Instructions to follow: For each line below that contains the word "Acompanhamento", return that line.

************

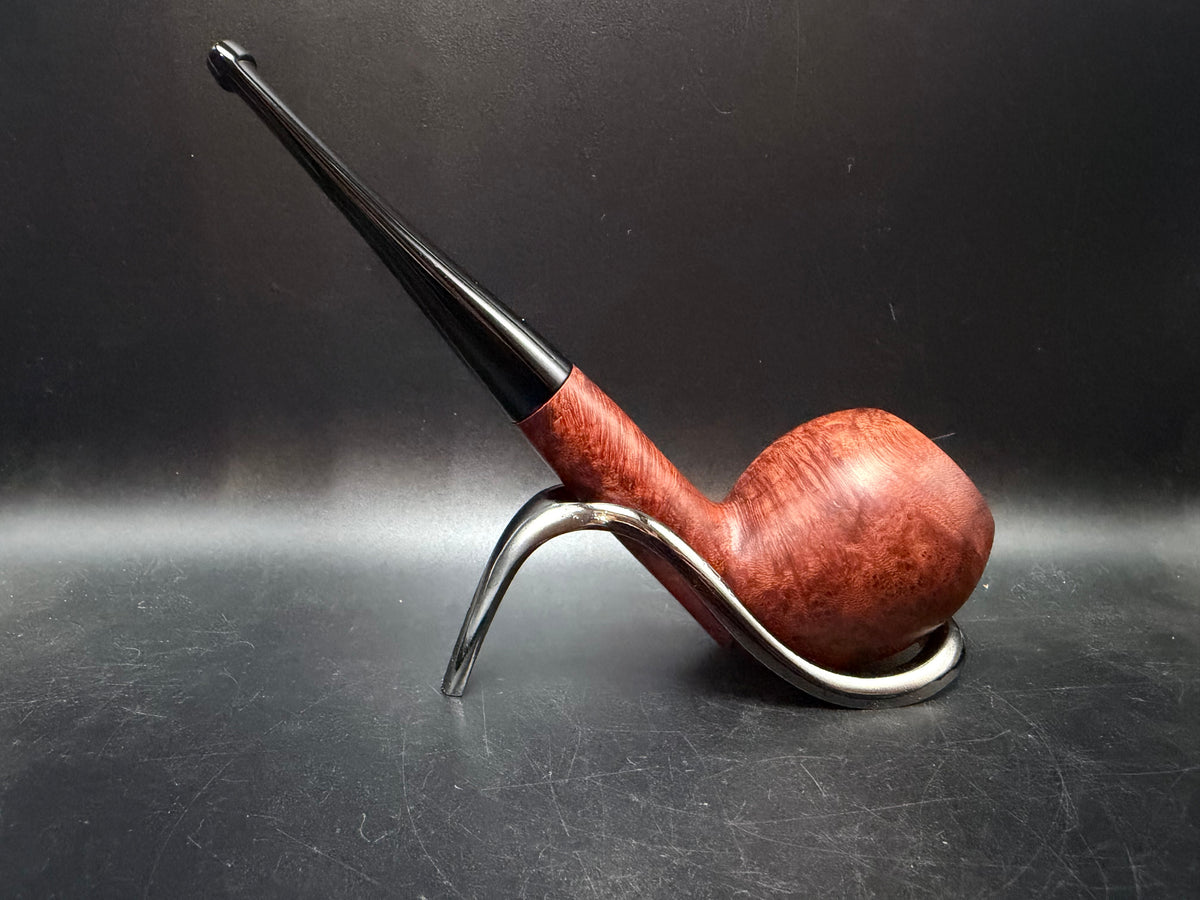 Jobey Acorn?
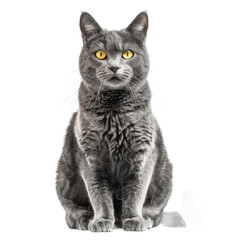 Studio portrait of gray cat with yellow eyes sitting and looking forward Isolated on transparent background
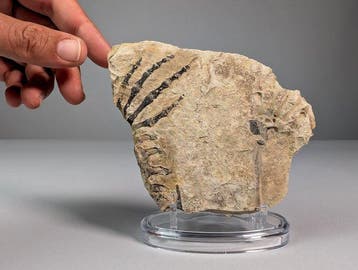 Gefossiliseerd reptiel - Fossiele plaatmatrix -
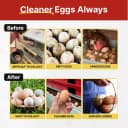 Nesting Boxes for Chickens — Roll Away Laying Boxes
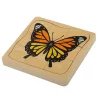 Cykl życia rozwoju motyla - puzzle warstwowe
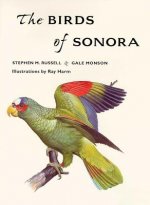 BIRDS OF SONORA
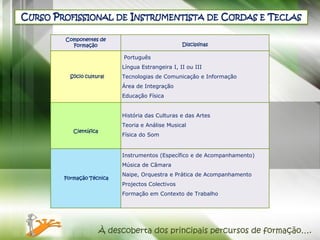 CURSO PROFISSIONAL DE INSTRUMENTISTA DE CORDAS E TECLAS

        Componentes de
          Formação                                  Disciplinas

                              Português
                             Língua Estrangeira I, II ou III
          Sócio cultural     Tecnologias de Comunicação e Informação
                             Área de Integração
                             Educação Física


                             História das Culturas e das Artes
                             Teoria e Análise Musical
           Científica
                             Física do Som


                             Instrumentos (Específico e de Acompanhamento)
                             Música de Câmara
                             Naipe, Orquestra e Prática de Acompanhamento
        Formação Técnica
                             Projectos Colectivos
                             Formação em Contexto de Trabalho




                        À descoberta dos principais percursos de formação….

************

The answer:
                             Instrumentos (Específico e de Acompanhamento)
                             Naipe, Orquestra e Prática de Acompanhamento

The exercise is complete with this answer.